[pnfs] Fwd: [PATCH 0/14] linux-pnfs-2.6-latest pNFS client read I/O - Draft 13
William A. (Andy) Adamson
andros at citi.umich.edu
Thu Nov 15 14:34:46 EST 2007
On Nov 15, 2007 1:22 PM, Benny Halevy <bhalevy at panasas.com> wrote:
>
> On Nov. 15, 2007, 19:51 +0200, "William A. (Andy) Adamson" <andros at citi.umich.edu> wrote:
> > ummm! i didn't 'cc the list!!!!
> >
> >
> > ---------- Forwarded message ----------
> > From: William A. (Andy) Adamson <andros at citi.umich.edu>
> > Date: Nov 15, 2007 12:38 PM
> > Subject: Re: [pnfs] [PATCH 0/14] linux-pnfs-2.6-latest pNFS client
> > read I/O - Draft 13
> > To: Benny Halevy <bhalevy at panasas.com>
> >
> >
> > On Nov 15, 2007 6:12 AM, Benny Halevy <bhalevy at panasas.com> wrote:
> >> On Nov. 14, 2007, 19:23 +0200, Trond Myklebust <trond.myklebust at fys.uio.no> wrote:
> >>> On Wed, 2007-11-14 at 12:11 -0500, William A. (Andy) Adamson wrote:
> >>>
> >>>> for example in fs/nfs/read.c: nfs_read_rpcsetup()
> >>>>
> >>>> ifdef CONFIG_PNFS
> >>>> /* XXX pnfs_try_to_read_data should never return an error less than 0.
> >>>> * ret == 0 means pnfs read succees.
> >>>> * ret == 1 means do an NFSv4.1 read to the MDS.
> >>>> */
> >>>> if ((pnfs_try_to_read_data(data, call_ops)) <= 0)
> >>>> return;
> >>>> #endif /* CONFIG_PNFS*/
> >>>>
> >>>> nfs_initiate_read(data, NFS_CLIENT(inode), call_ops);
> >>>> }
> >>> The above is a seriously brilliant comment!
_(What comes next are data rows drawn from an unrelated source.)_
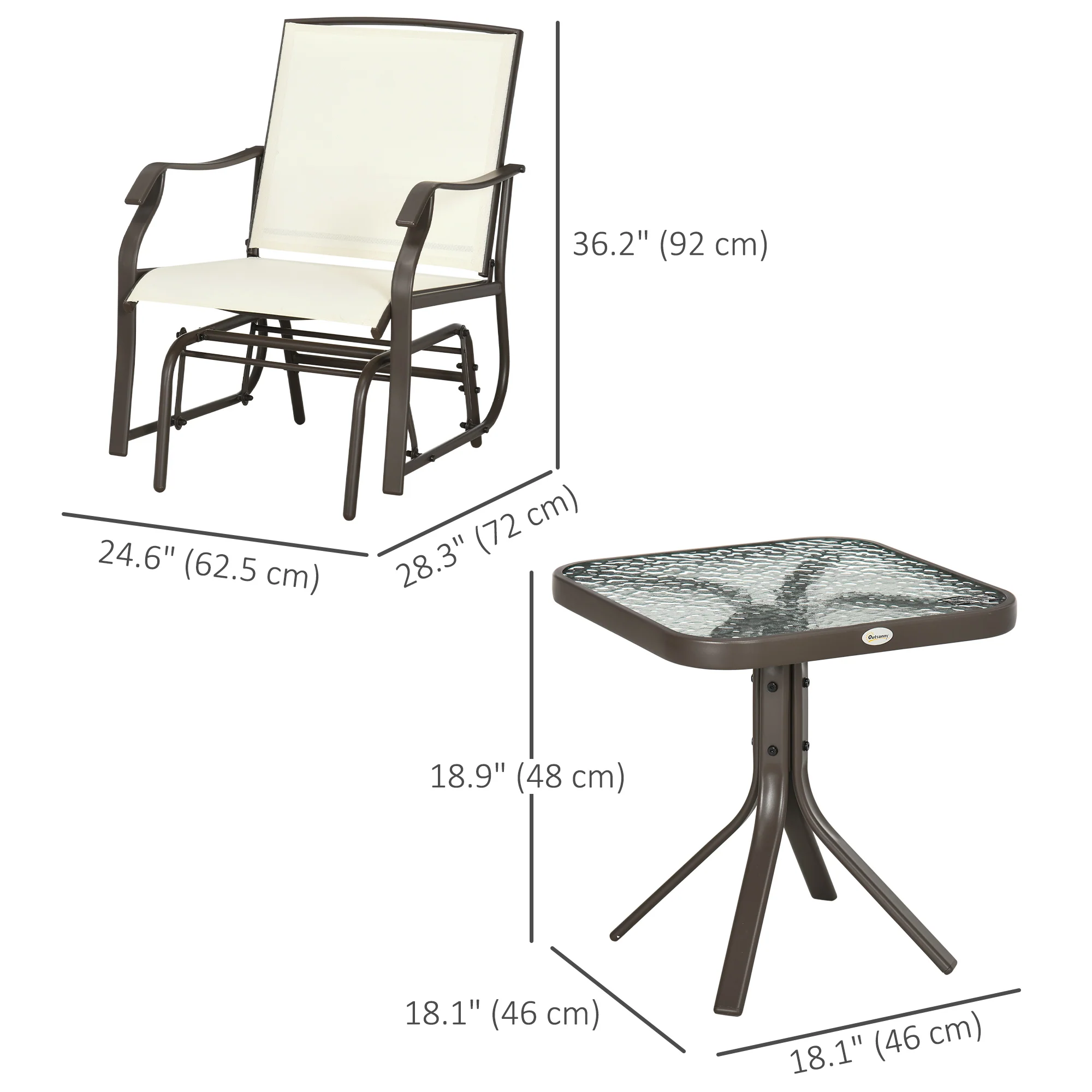 3 Piece Patio Glider Set with Breathable Mesh Seat & Glass Top Table, Cream White - Image 5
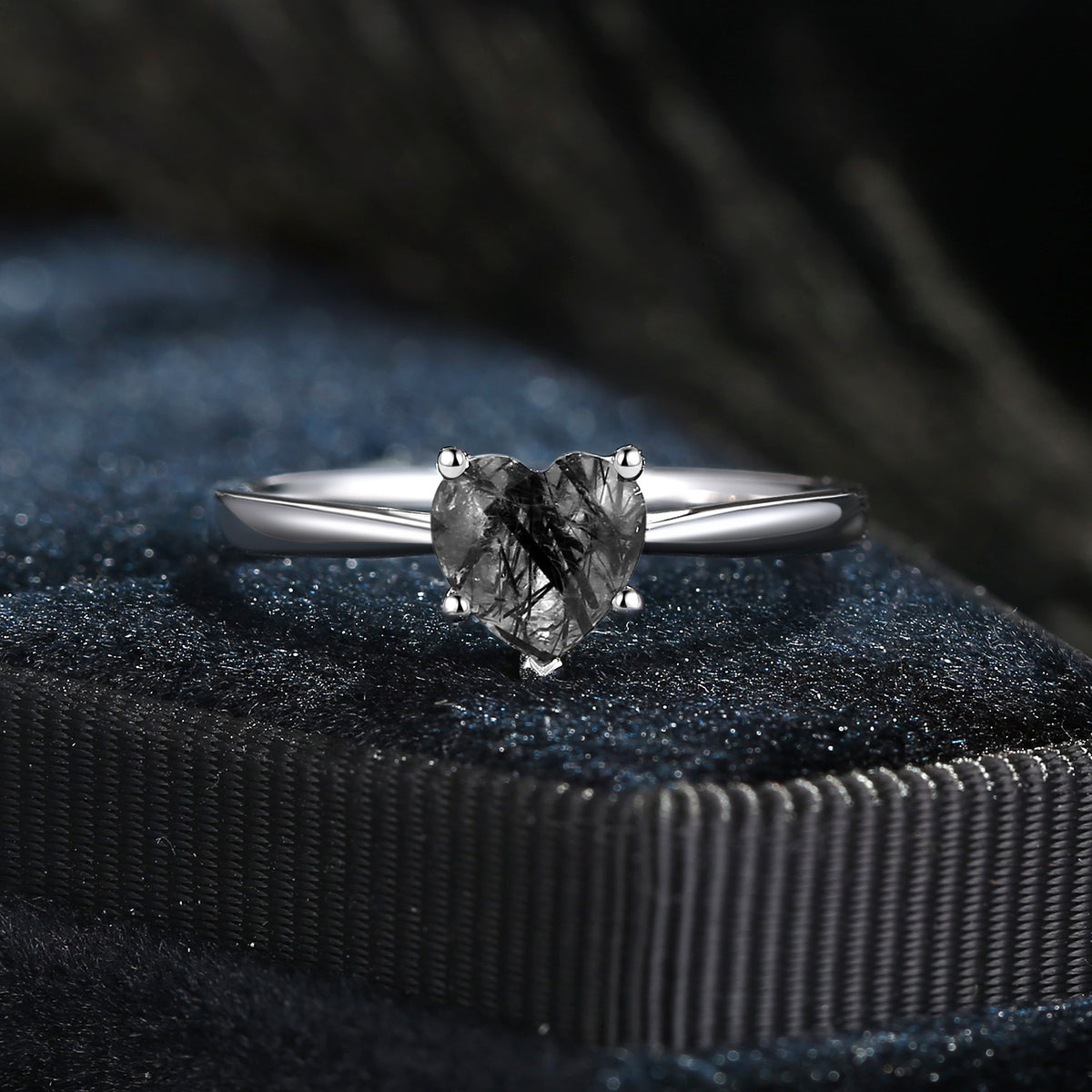 Classic Heart Shaped Solitaire Black Rutilated Quartz Promise Ring ...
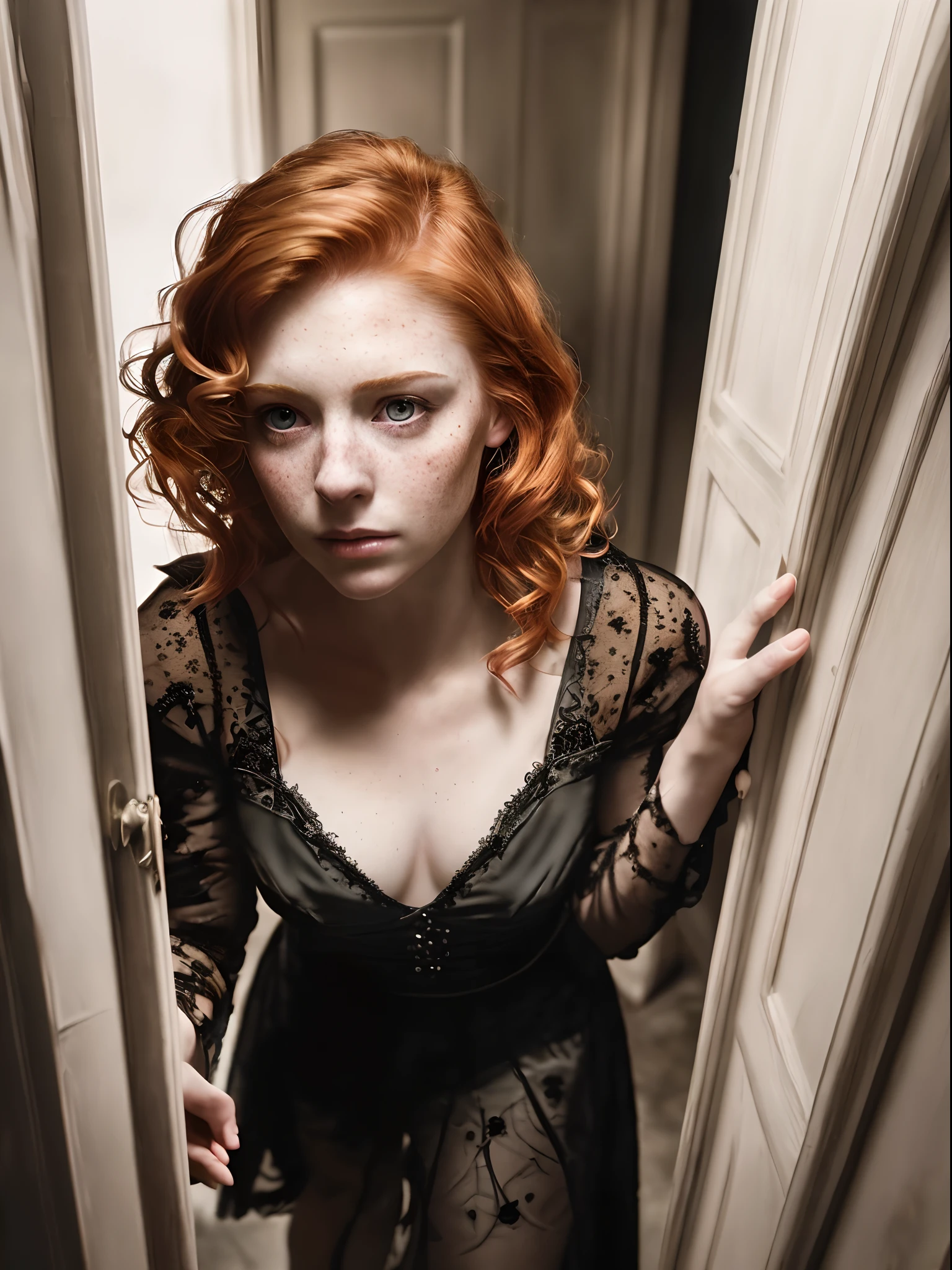Realistic, photorealistic, RAW photo, ultra detailed, cinematic lighting, (pre-focused), (Darkness: 1.6), the night is dark and full of horrors, cute woman, standing in doorway, she leaves but turns around to say goodbye, most detailed cute face, cute sexy look, short ginger hair, freckles, short black skirt, spot lighting, deep shadow, low key, low angle, masterpiece, Cinematic composition, aesthetic of classic dramatic movie, Centered image.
Are we perhaps missing a
> >>> BUG_ON() there?
> >> Actually, I think it's just wrong.
> >>> 0 means do MDS read
> >> = 0 means success
> >> < 0 means pnfs_readpages failed and returned an error
> >> in this case the 2.6.18.3 code base returned an error from nfs_read_rpcsetup
> >> which is sort of legitimate (not that I like doing the I/O form within
> >> nfs_read_rpcsetup, but that's a separate issue)
> >> in the future we will want to retry the I/O via the MDS.
> >
> > the future is now! a failure from pnfs_try_to_read means try via the
> > MDS. there is no reason to put this off any longer. the 2.6.18.3 code
> > is wrong.
> >
> >> Anyhow, this is a good example why having a thorough process for porting
> >> the patches is so important. Making changes in the porting process is
> >> inevitable since the environment changed (a lot), however changing the
> >> functionality and/or fixing bugs (or what we think are bugs) in the
> >> process is quite risky.
> >
> > this is a bug. there is no reason to propagate bugs. instead, i
>
> sorry, I disagree. Returning an error to the app or data server error
> is not a bug. It's sub-optimal but it's a correct behavior
>
> > propose that in the "porting process" we take the time to improve the
> > code and handle all the issues that we have ignored in order to get a
>
> Andy, really I'm not just trying to be stubborn. I carry my scars of trying
> to make more than one change at a time and that is just error-prone.
Benny - you will get scars either way! We are already making more
than one change at a time. The sessions code is a complete rewrite.
The nfs client I/O path is rewritten. The rpc layer has changed.....
etc etc etc. What do you mean? The problem exists, and 'porting
existing functionality' will not be 'one change at a time'.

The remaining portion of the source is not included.